#### Exercise prompt:
Starting at the line that contains "Miniatura 5 de", please transcribe every line through the end of the entries, exactly and with no pictures.

#### Input:
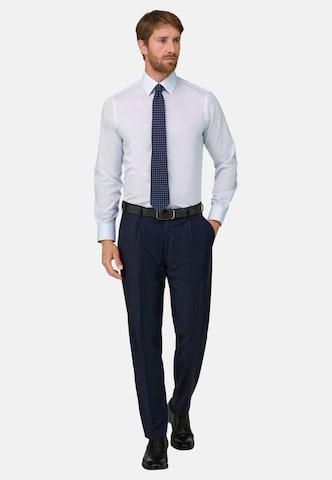 Coupe slim Chemise business Boggi Milano en bleu : devant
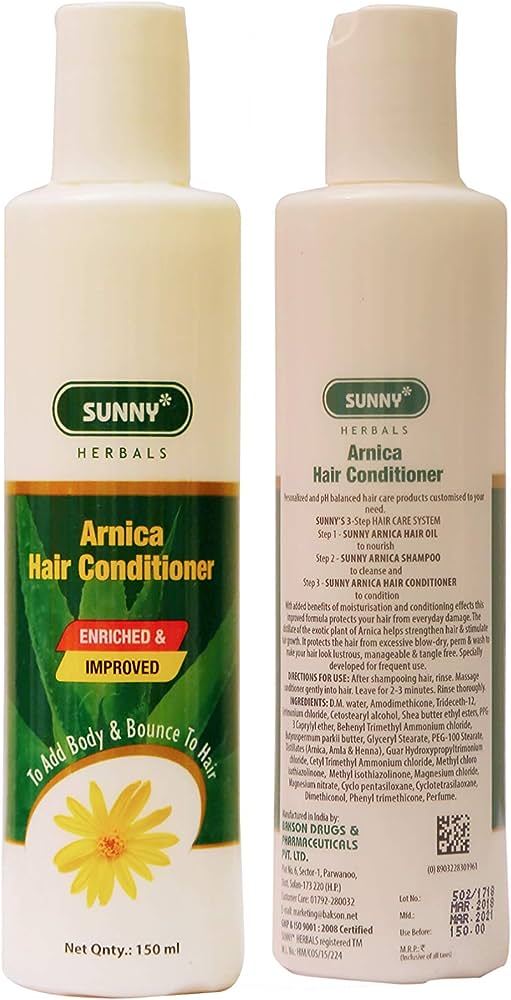 Bakson Sunny Arnica Shampoo (1000ml) Golden-Patel & Son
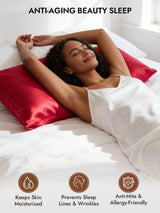 [Wine] SilkSilky  Pillowcases 003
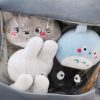 a bag of totoro plush toys 8 pcs plush my neighbour totoro soft doll stuffed cartoon 3 - Ghibli Gifts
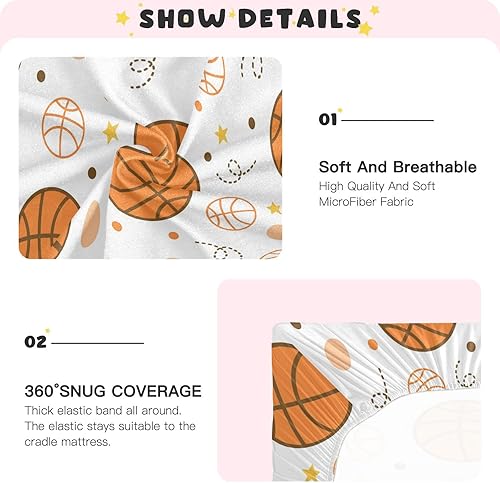 Miniatura 5 de Sábana para cuna de bebé, diseño de dibujos animados, para niños y niñas, sábana de juegos suave, transpirable, ajustada, funda de colchón de bebé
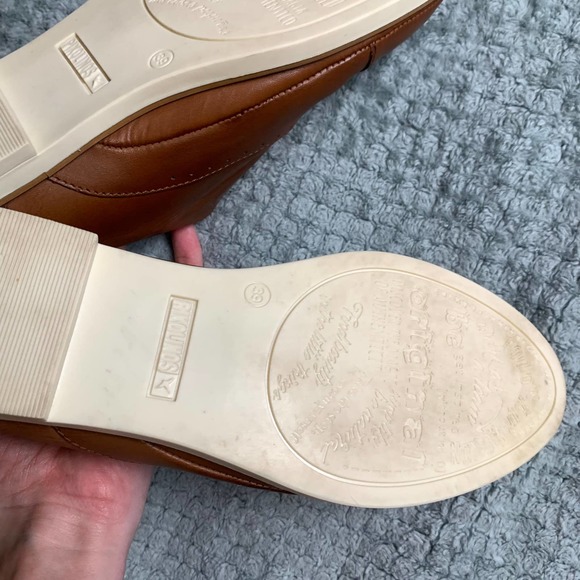 PIKOLINO'S Warm Brown Soft Leather Almond Toe Mules 39/8.5 Slip On 39/ - Picture 8 of 9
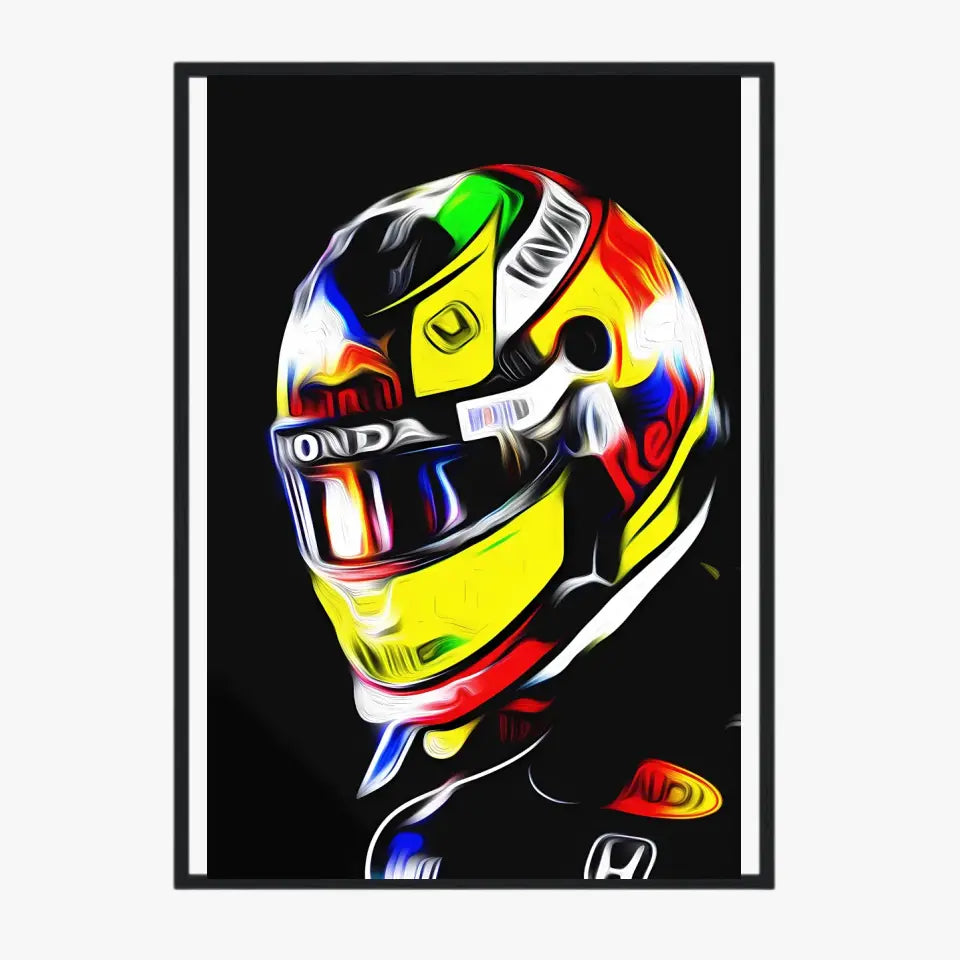 Affiche ou Tableau Sergio Perez Red Bull 2021 Formule 1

#### Exercise answer:
 Miniatura 5 de Sábana para cuna de bebé, diseño de dibujos animados, para niños y niñas, sábana de juegos suave, transpirable, ajustada, funda de colchón de bebé
 PIKOLINO'S Warm Brown Soft Leather Almond Toe Mules 39/8.5 Slip On 39/ - Picture 8 of 9
 Affiche ou Tableau Sergio Perez Red Bull 2021 Formule 1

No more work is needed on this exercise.